Anyone who lives in or near Menlo Park has more than likely been to (or at least heard of or driven by) Cafe Borrone. It’s a family-owned restaurant doing everything from waffles to open-face turkey melts to salads, soups, pasta and more. This year, they opened a sister restaurant called Borrone MarketBar in a smaller space next door. The verdict: delicious, unique and hard to believe it’s a Menlo Park restaurant. It’s a little fancier than Cafe Borrone (I.M.H.O.) and more of a special occasion dinner, though the prices are pretty good for what you get. Solid portions and very, very well done food. They also have various prepared foods available for take out (housemade pasta, salads, marinated meats, desserts, etc.). To top it all off, they have a beautiful oyster bar, lovely outdoor seating (well set back from El Camino and near the train station so it’s its own quiet haven) and a full liquor license.

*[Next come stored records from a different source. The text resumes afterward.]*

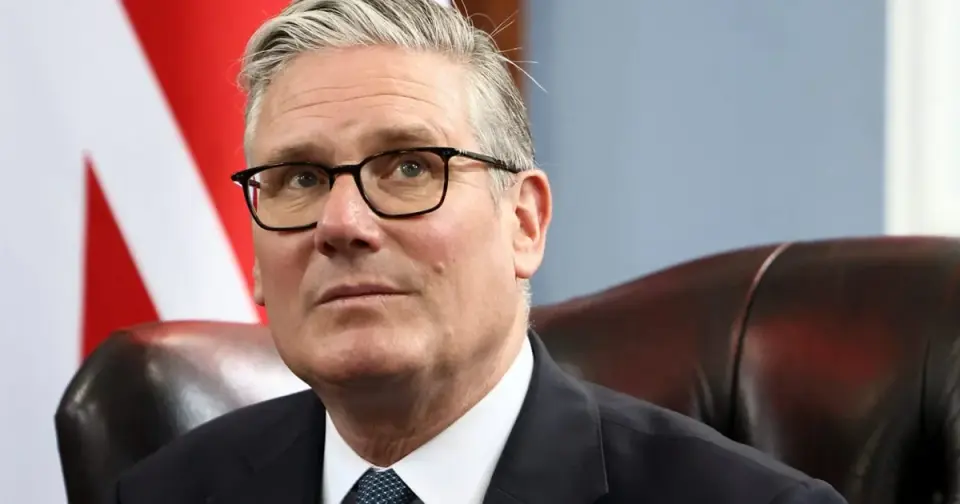 Starmer blasts Musk for stirring division over Henry Nowak murder case
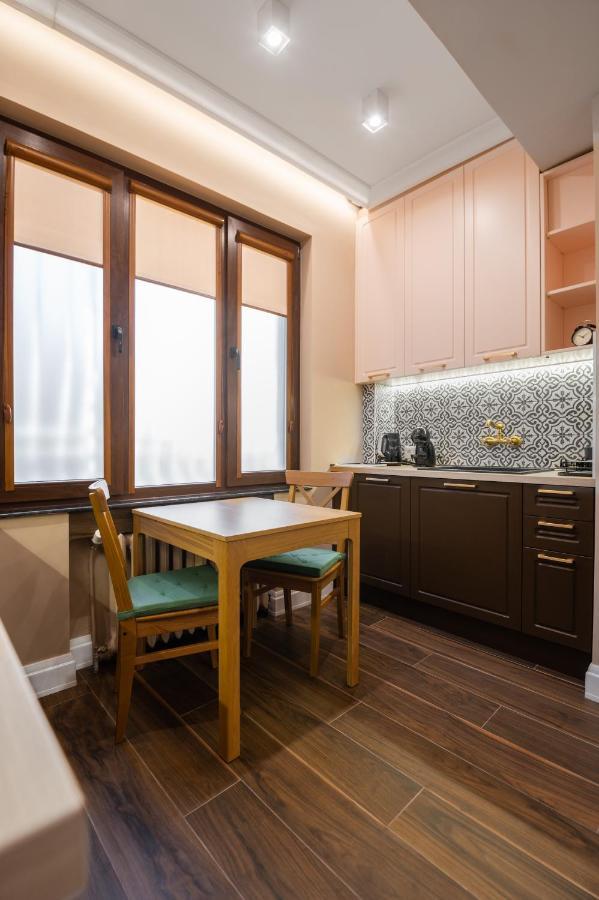 Charming Pastel 1bd Flat In The Heart Of By Flat Mаnager Апартамент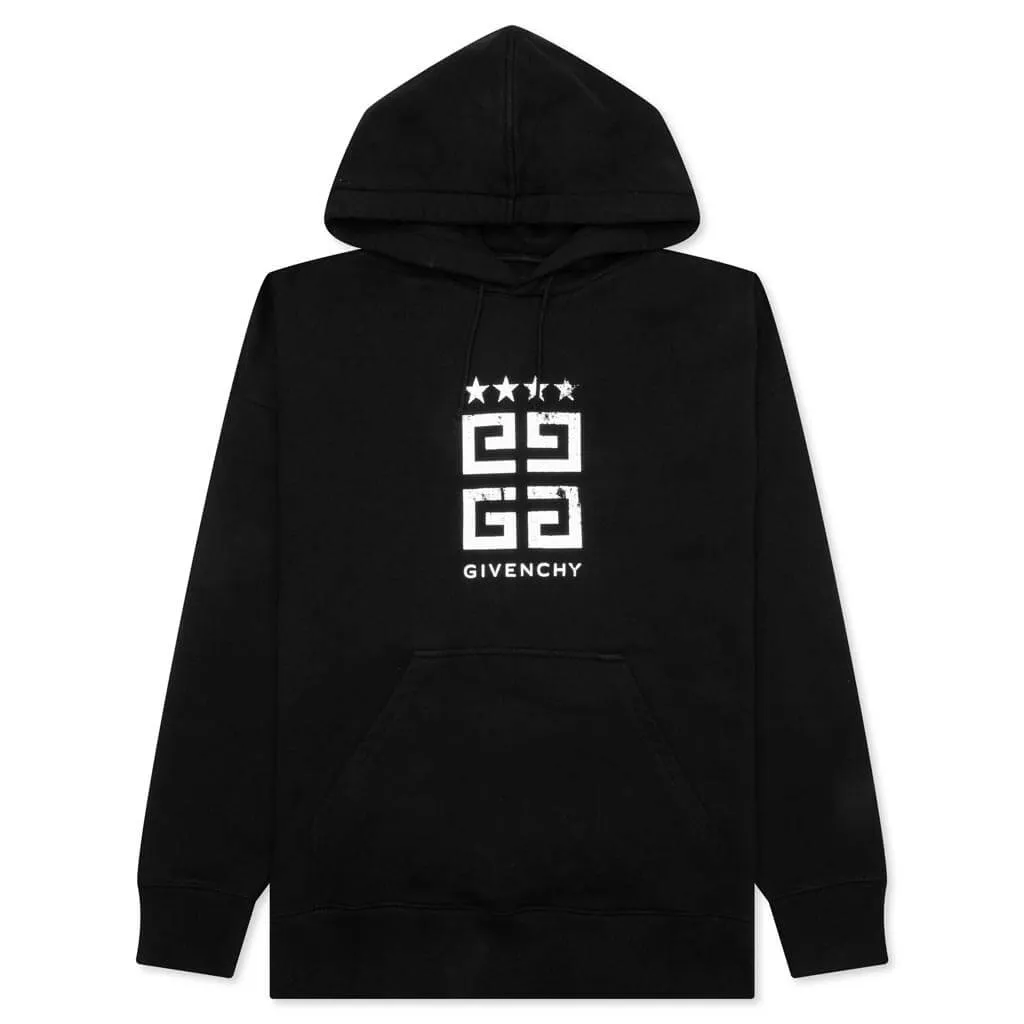 Hoodie - Black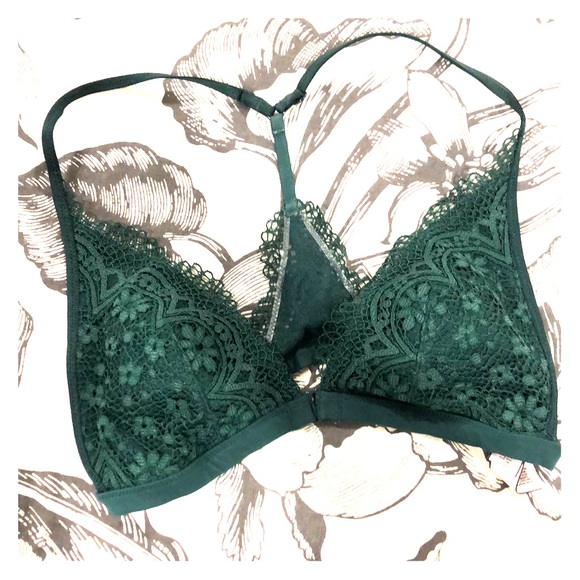 Victoria's Secret Other - Victoria’s Secret bralette NWOT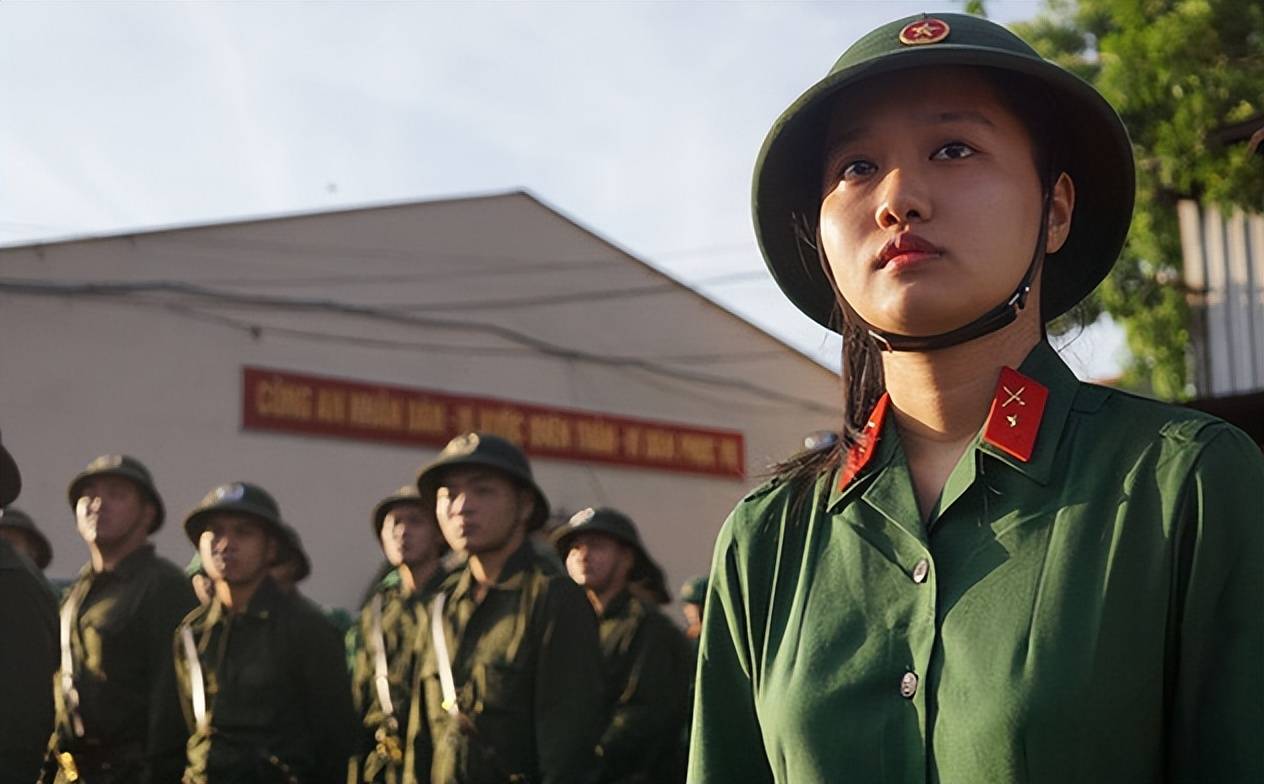 越南陆军40多万人,拥有61个师,一个师到底拥有多少兵力?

I particularly enjoyed a proscuitto/burrata/grilled leeks appetizer plate, crab spaghetti and a gin fizz, but everything was excellent. Make sure you save room for dessert; the bombolone are out of control (see below).

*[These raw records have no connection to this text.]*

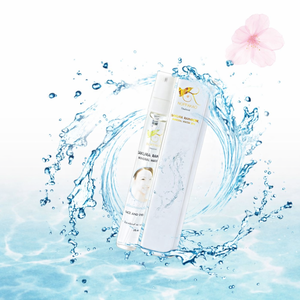 สเปรย์สมุนไพรสำหรับผิวหน้าและผิวกาย กลิ่นดอกไม้ โอ เดอ ทอยเล็ตต์ สำหรับทุกเพศ - Product Image 5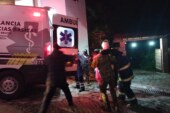 Se desploma balcón en Valle de Bravo y deja heridos a 4 y una persona más fallece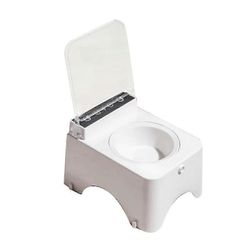 Älykäs kissan kulho infrapuna-anturilla Automaattinen kansi - Hiiren vastainen lemmikkieläinten syöttölaite, joka sopii kissoille ja koirille Ruoka...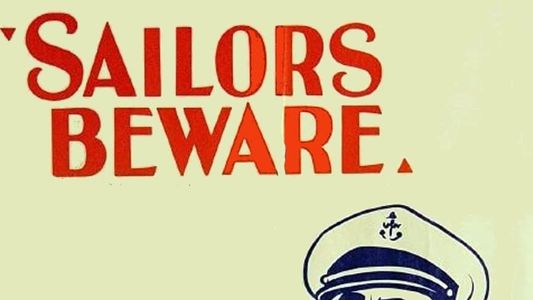 Image Sailor Beware!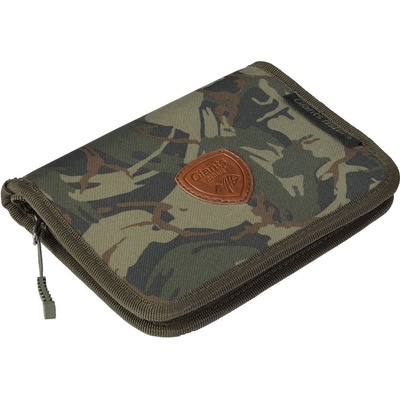 Giants fishing pouzdro na rybářské doklady License Wallet – Zboží Živě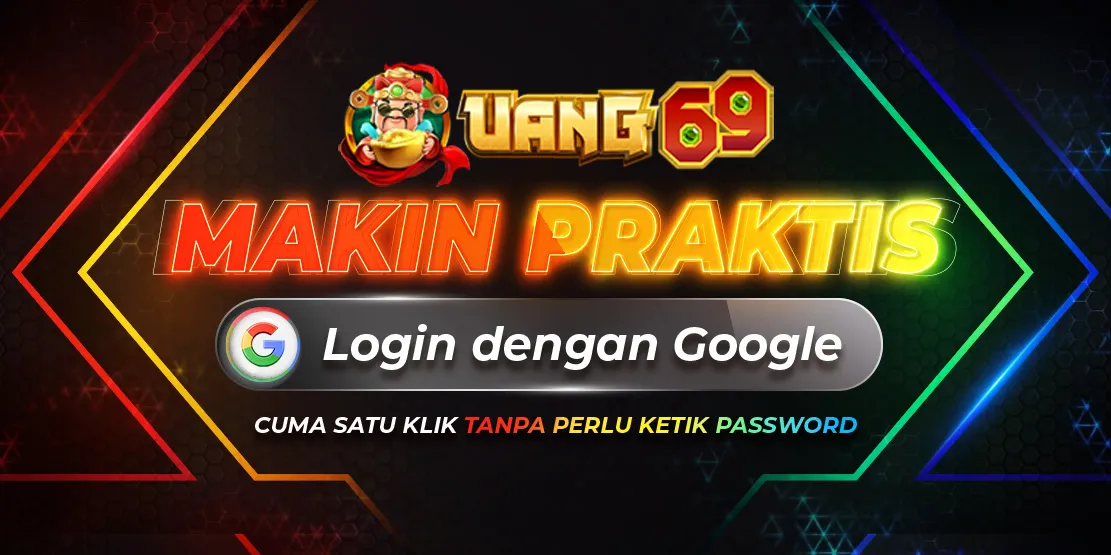 LOGIN VIA AKUN GOOGLE UNTUK AKSES MUDAH DAN CEPAT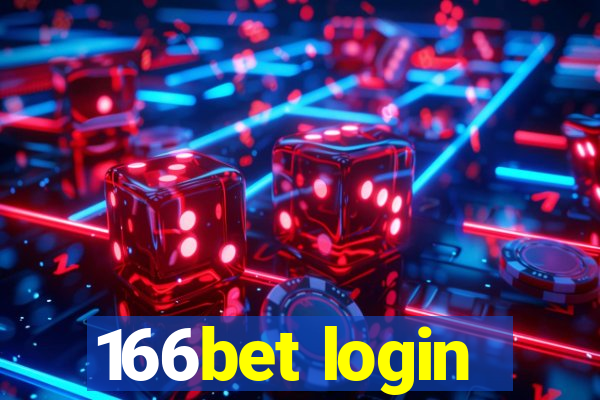 166bet login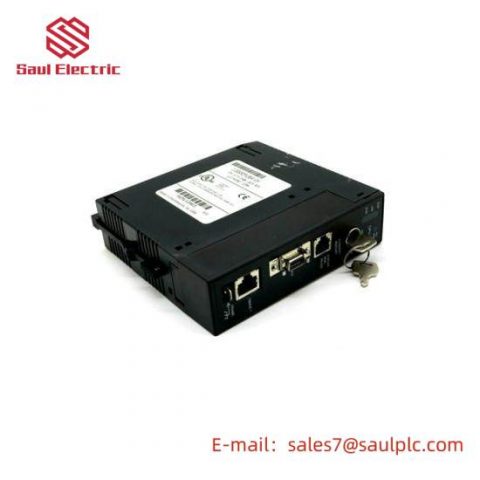 GE-FANUC IC693CPU364 - Series 90-30 Processor Module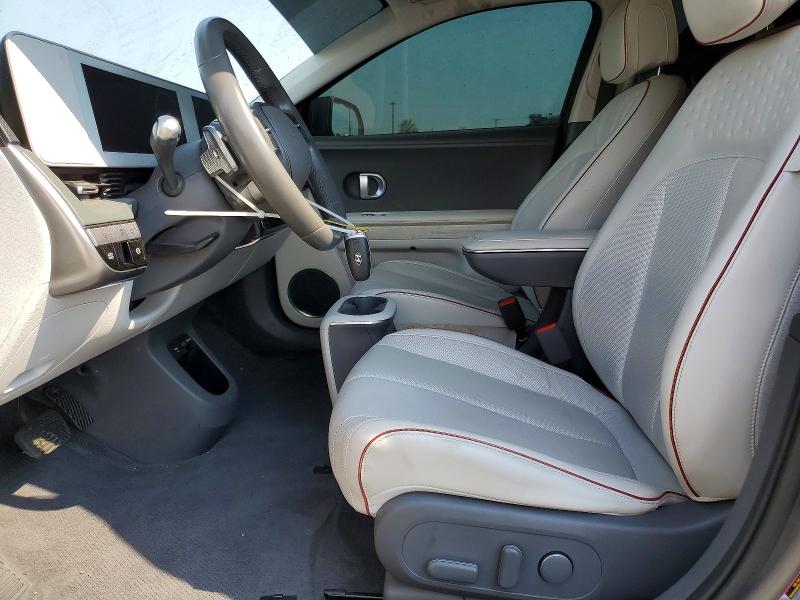 Продаж на аукціоні авто 2023 Hyundai Ioniq 5, vin: KM8KNDAF5PU164671, номер лоту: 61365046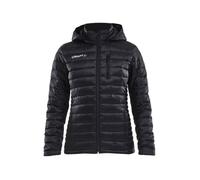 Dámská veste CRAFT Isoler noire M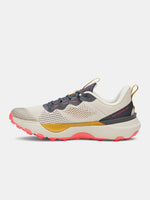 Under Armour Unisex UA U Infinite Pro Trail-BRN cipő túracipő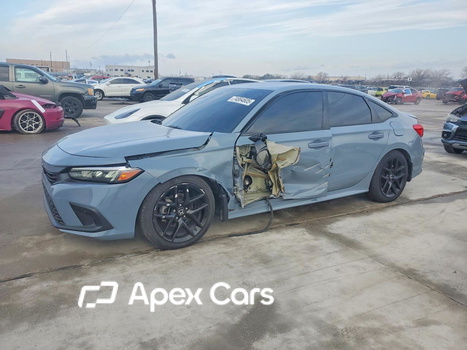 Honda Civic 2022 - Image 1 of 12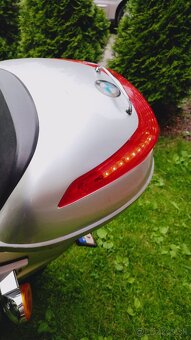 Cf moto 250 V3 - 14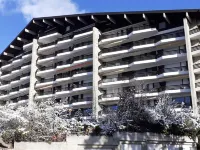 Apartment Crans-Montana Near Ski Slopes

Don’t miss the recently revamped Hog Island Oyster Co. at the Ferry Building. You might have to wait outside in a short line, even on Wednesday evening, but it’s worth your time (plus, you can stare at the gorgeous Bay view behind you if you’re really grumpy about waiting).
Exquisite oysters, excellent drinks (I loved the Marshall Mule), salads, ceviche, mussels — oh, and grilled cheese, because why not. Sitting outside on a nice night is beautiful but the inside is great too — it was expanded and remodeled earlier this year.
Here’s your plan for next Saturday or Sunday: Head to the Contemporary Jewish Museum downtown to check out a very interesting home-and-design exhibit, and make sure you leave room for lunch at Wise Sons’ museum outpost. The Jewish deli has a full restaurant in the Mission and very fittingly opened a branch at the museum in early 2014. Same food options, same deliciousness. I am not a big reuben fan, but Wise Sons’ version of the sandwich is excellent. You can choose from pastrami (which I tried, and is reportedly rubbed with coriander and black pepper and then smoked over hickory for seven hours), corned beef, smoked turkey or even a veggie option (done with king trumpet mushrooms). Even the standard turkey sandwich was amazing. Pickled red onions hit the spot and dressed it up. Wise Sons also serves De La Paz coffee, made practically down the street on Mission.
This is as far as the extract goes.